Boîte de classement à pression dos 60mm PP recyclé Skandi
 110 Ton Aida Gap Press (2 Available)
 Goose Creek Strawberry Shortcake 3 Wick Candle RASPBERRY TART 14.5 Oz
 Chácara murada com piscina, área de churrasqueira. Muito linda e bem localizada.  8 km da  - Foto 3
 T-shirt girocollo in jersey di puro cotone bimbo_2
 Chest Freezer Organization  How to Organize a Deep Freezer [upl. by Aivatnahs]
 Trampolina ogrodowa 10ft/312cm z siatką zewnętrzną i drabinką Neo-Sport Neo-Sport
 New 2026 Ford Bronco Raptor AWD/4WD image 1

___

WHAT YOU WILL DO: Your answer should be the lines above, from the line containing "110 Ton Aida Gap Press (2 Available)" up to and including the line containing "T-shirt girocollo in", reproduced exactly and with nothing else.

TASK RESPONSE:
 110 Ton Aida Gap Press (2 Available)
 Goose Creek Strawberry Shortcake 3 Wick Candle RASPBERRY TART 14.5 Oz
 Chácara murada com piscina, área de churrasqueira. Muito linda e bem localizada.  8 km da  - Foto 3
 T-shirt girocollo in jersey di puro cotone bimbo_2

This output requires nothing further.